British aviation pioneer (1894–1995)

Tryphena Jessica "Jessy" Blackburn ( Thompson; formerly Noakes and Barton; 20 April 1894 – 14 May 1995) was a British aviation pioneer and one of the first women to fly a British monoplane.

==Biography==
Born on 20 April 1894, Cradley, Worcestershire, England she was left an orphan while young. Her father, Wesley Thompson, was a doctor. He and his wife Catherline died when Blackburn was three. She was raised by her older brother Clarence and later by her sister Eugenie. Blackburn was sent to Ecole d'Etrangers in Brussels in 1910. She met her husband, the Yorkshire engineer Robert Blackburn, in 1912 and he introduced her to his love of aviation. The couple married in 1914.

The Blackburns founded Blackburn Aircraft using her inheritance.

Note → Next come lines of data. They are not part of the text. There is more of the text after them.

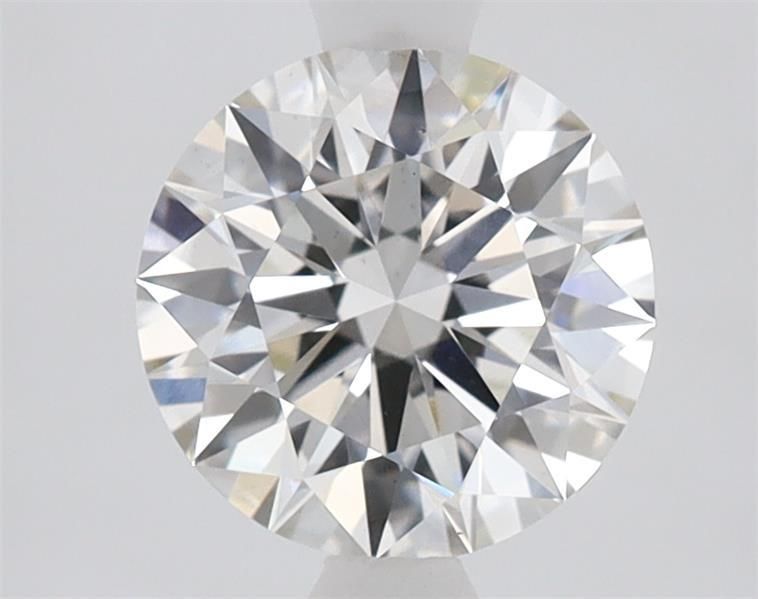 1.51 ct Round diamond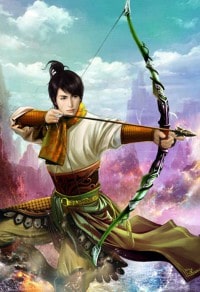 總有男人喜歡我[娛樂圈]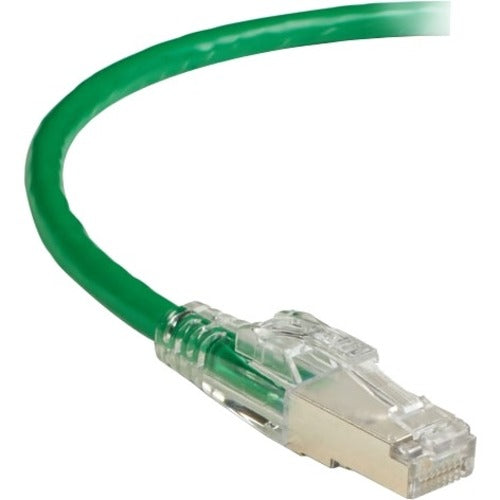 Black Box GigaTrue 3 Cat.6 Patch Network Cable - American Tech Depot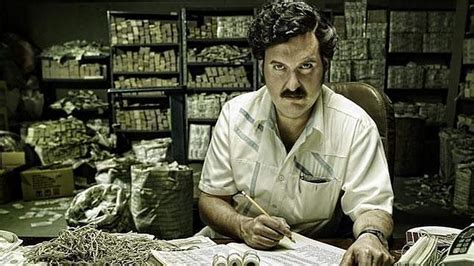 Pablo Escobar Wallpapers - Wallpaper Cave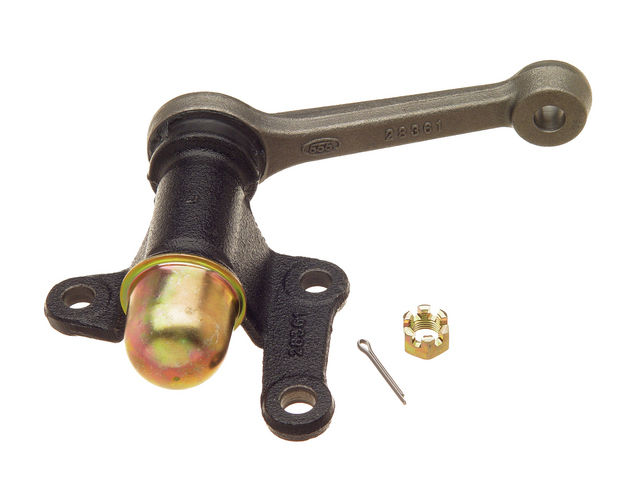 Idler Arm Replacement - Steering Idler Arm | Parts Geek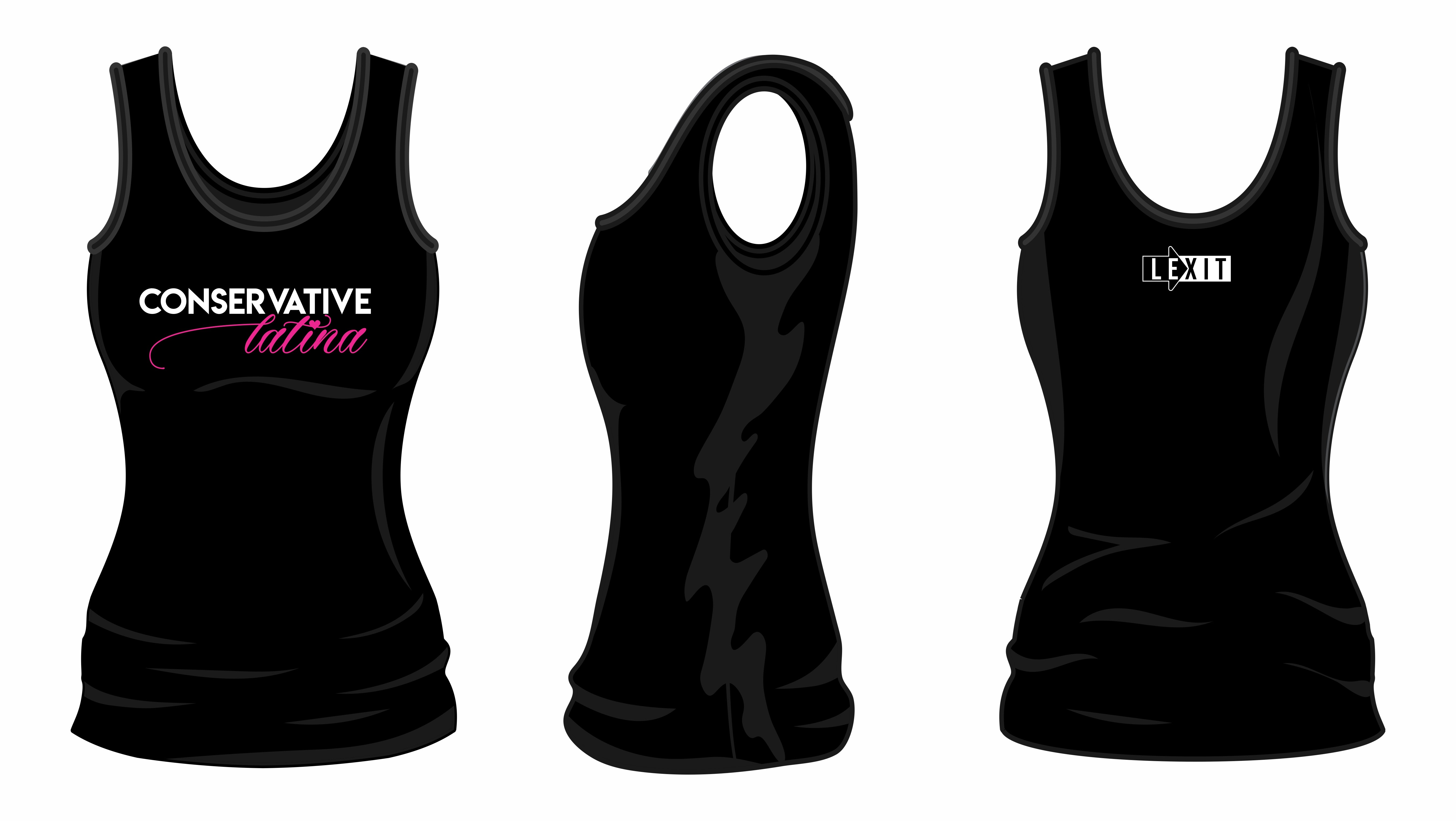 Conservative on sale tank tops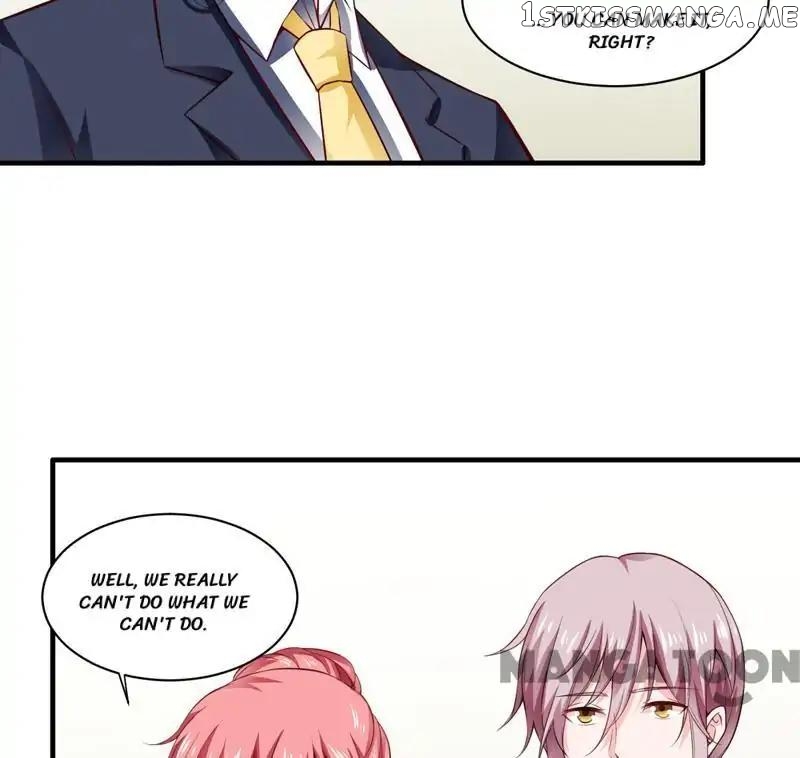 Flash Marriage chapter 129 - page 5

Jessy became an important asset in the sales and marketing of the company. She hosted RAF officials, politicians, media and aviation pioneers in their homes in Leeds and in Bowcliffe Hall, in Bramham. Blackburn learned to fly in Roundhay Park in Leeds, the test location for the company's new aircraft. She attended most of the major flying events of the next twenty years. Blackburn flew in the 1922 and 1928 King's Cup Air Races.

==Personal life==
Blackburn had three sons and two daughters. Her youngest, Peter, spent two years in Switzerland with tuberculosis. Another son, Rob, was killed in an accident in 1935 when he was hit by a car while riding his bike. Her marriage ended the following year. Blackburn married again in 1941 to Group Captain Jack Noakes but again the marriage ended in divorce. She went on to marry Stanley Barton in 1953. Again this marriage did not last. Blackburn returned each time to using her first married name.

She celebrated her 100th birthday in the Grand Hotel in Eastbourne and died in 1995, aged 101.